Content starts
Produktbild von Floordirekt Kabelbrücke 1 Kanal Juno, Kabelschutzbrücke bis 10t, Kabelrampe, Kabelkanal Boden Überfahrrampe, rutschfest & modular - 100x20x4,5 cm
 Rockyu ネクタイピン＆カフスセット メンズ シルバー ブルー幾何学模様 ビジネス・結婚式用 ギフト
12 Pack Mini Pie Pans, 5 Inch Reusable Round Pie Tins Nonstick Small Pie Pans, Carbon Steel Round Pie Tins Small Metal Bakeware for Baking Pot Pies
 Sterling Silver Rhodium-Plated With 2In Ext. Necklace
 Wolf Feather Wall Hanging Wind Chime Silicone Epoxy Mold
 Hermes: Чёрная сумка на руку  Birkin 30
Content ends
## WHAT TO WORK ON
Every line above should be duplicated exactly as it stands.

## RESPONSE TO THIS EXERCISE
Produktbild von Floordirekt Kabelbrücke 1 Kanal Juno, Kabelschutzbrücke bis 10t, Kabelrampe, Kabelkanal Boden Überfahrrampe, rutschfest & modular - 100x20x4,5 cm
 Rockyu ネクタイピン＆カフスセット メンズ シルバー ブルー幾何学模様 ビジネス・結婚式用 ギフト
12 Pack Mini Pie Pans, 5 Inch Reusable Round Pie Tins Nonstick Small Pie Pans, Carbon Steel Round Pie Tins Small Metal Bakeware for Baking Pot Pies
 Sterling Silver Rhodium-Plated With 2In Ext. Necklace
 Wolf Feather Wall Hanging Wind Chime Silicone Epoxy Mold
 Hermes: Чёрная сумка на руку  Birkin 30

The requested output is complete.